Exercise brief: From the line that contains "5 bedroom Villa" down to the last line of the entries, repeat every line exactly. Do not carry over the pictures.

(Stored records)
******************************
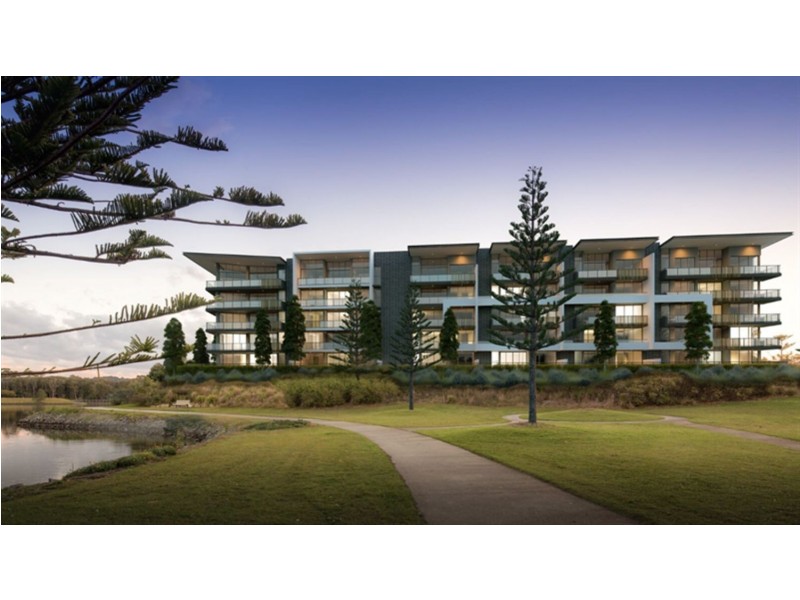 65 Varsity Parade, Varsity Lakes QLD 4227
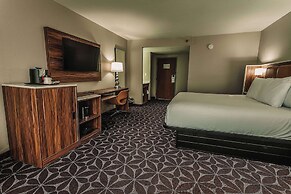 Wyndham Garden Williamsburg Busch Gardens Area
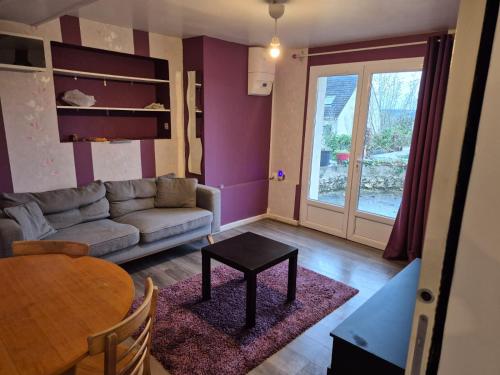 Cozy quiet appartment near Paris Saclay in Бур-сюр-Ивет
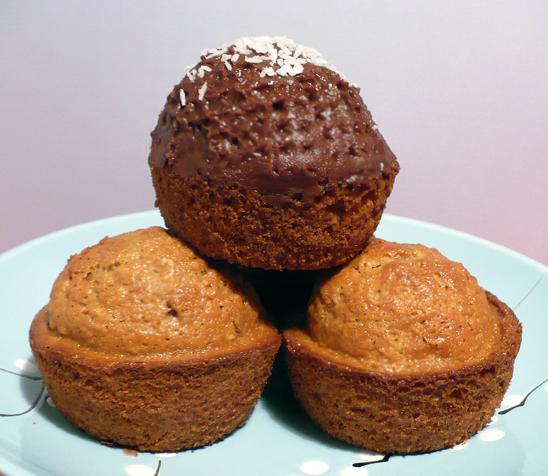  Baking tip: the trick to the perfect muffin is all in the mixing. Don't overdo it!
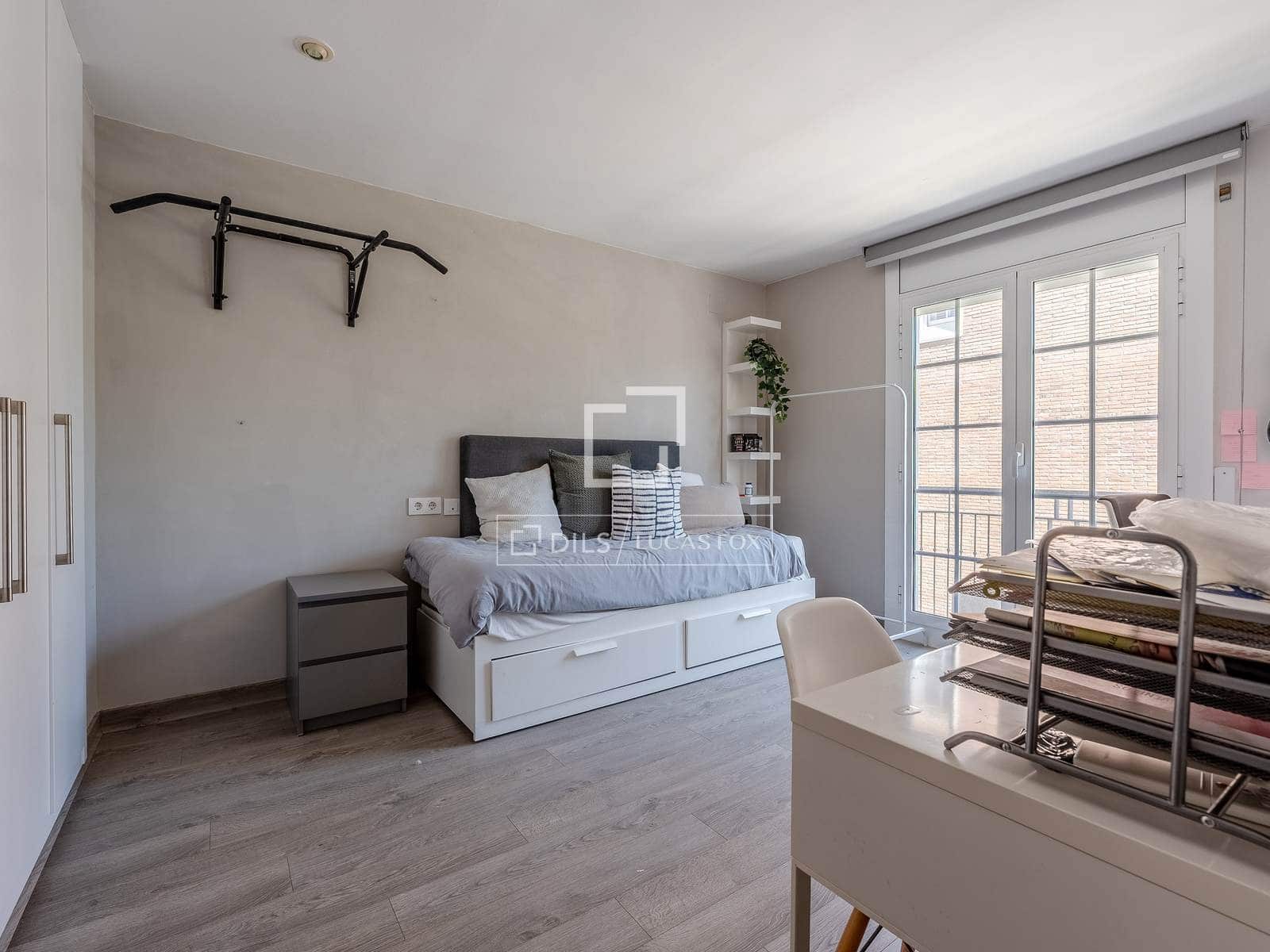 5 bedroom Villa for sale in Esplugues de Llobregat with pool garage - € 1,550,000 (Ref: 10041972)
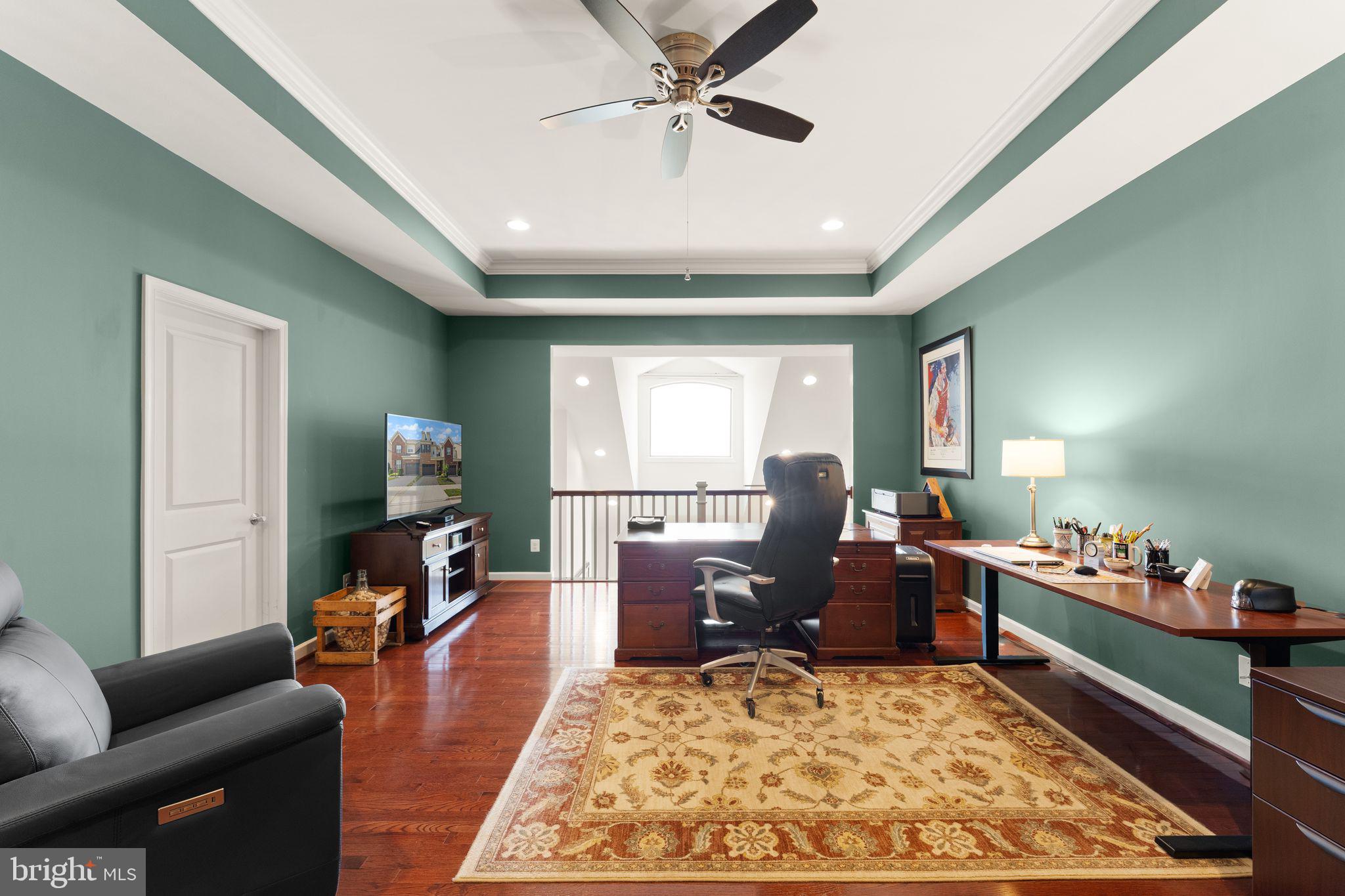 THE VISTAS AT LANSDOWNE - Residential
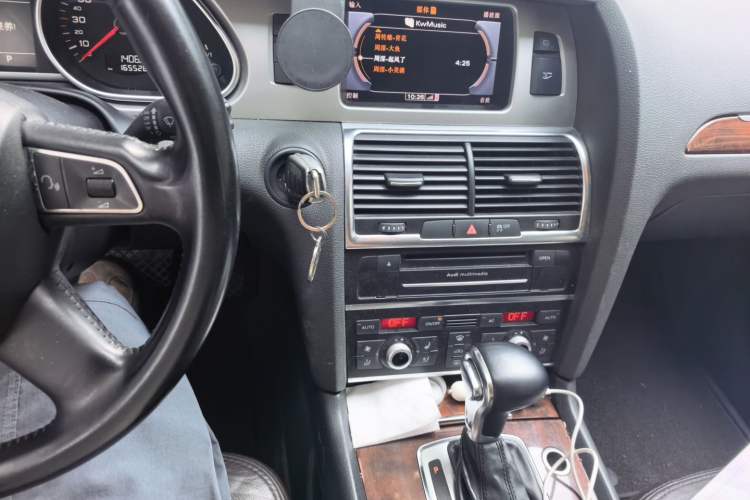 Used Audi Q7 2011 3.0 TFSI Ambition (200kW) Audio And AC Panel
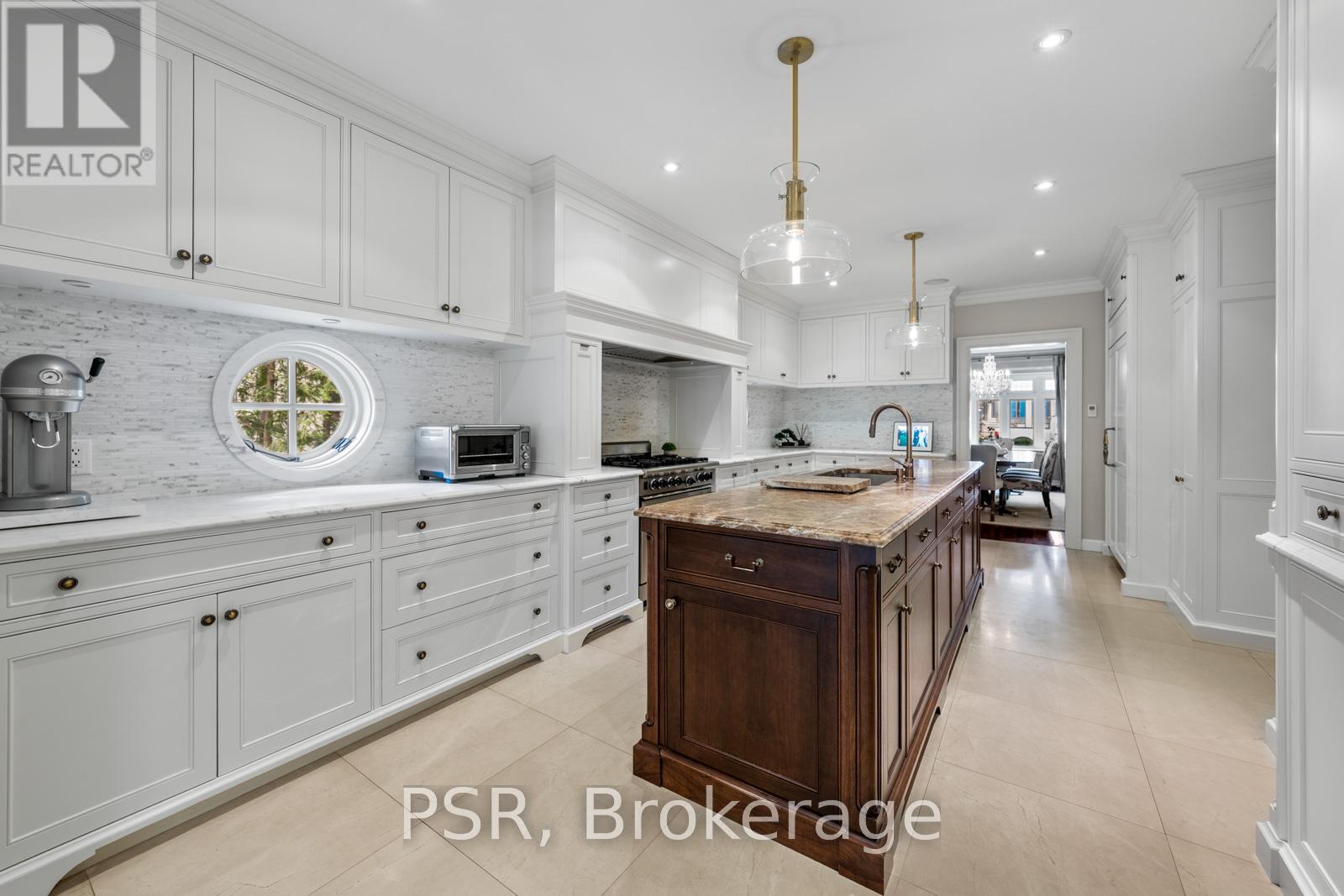 80 OLD FOREST HILL ROAD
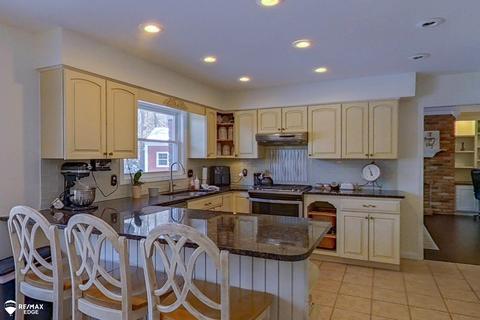5261 Chickasaw Trl, Flushing, MI 48433 photo 22
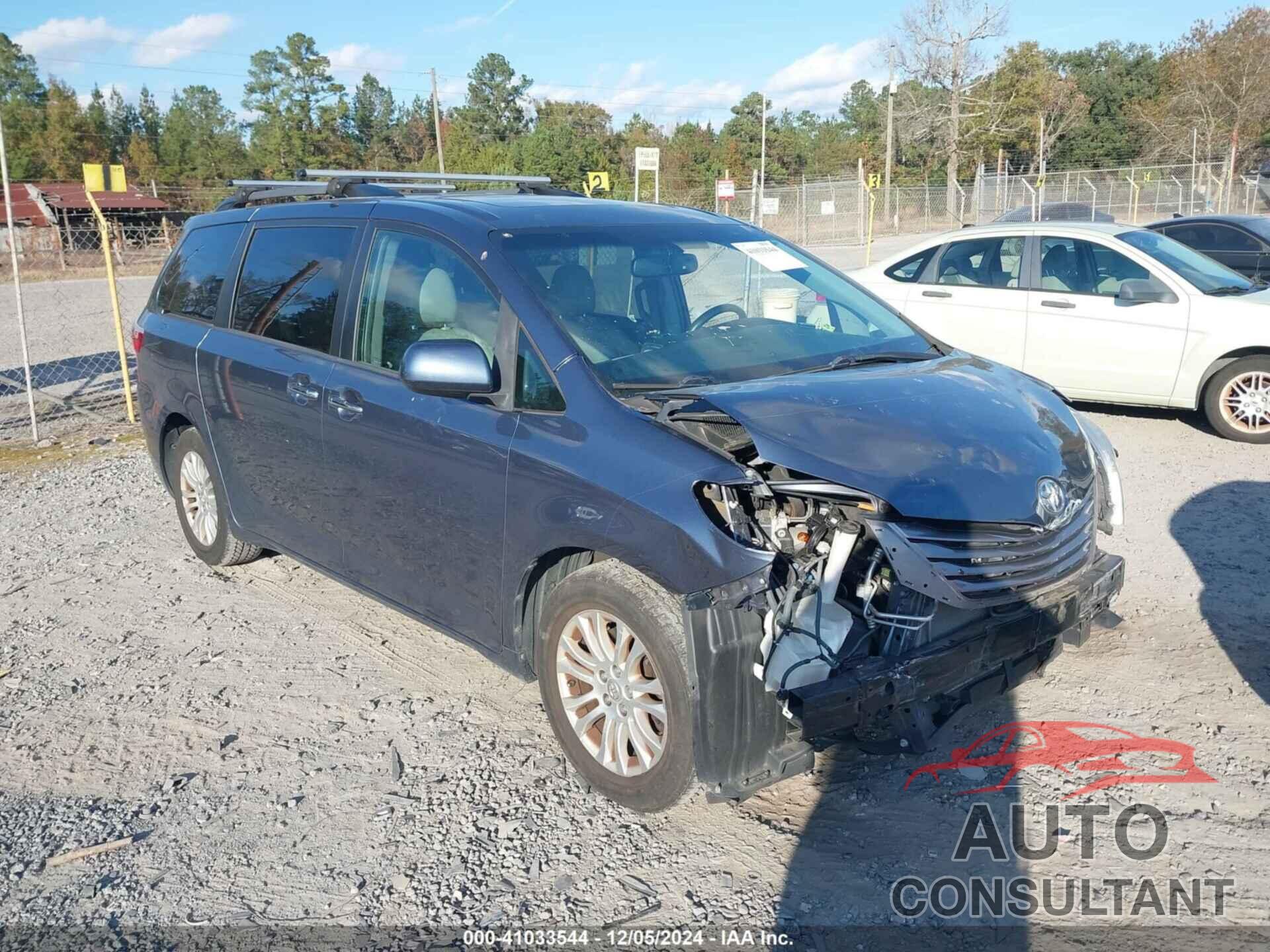 TOYOTA SIENNA 2015 - 5TDYK3DC8FS657962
******************************
Finished task:
 5 bedroom Villa for sale in Esplugues de Llobregat with pool garage - € 1,550,000 (Ref: 10041972)
 THE VISTAS AT LANSDOWNE - Residential
 Used Audi Q7 2011 3.0 TFSI Ambition (200kW) Audio And AC Panel
 80 OLD FOREST HILL ROAD
5261 Chickasaw Trl, Flushing, MI 48433 photo 22
 TOYOTA SIENNA 2015 - 5TDYK3DC8FS657962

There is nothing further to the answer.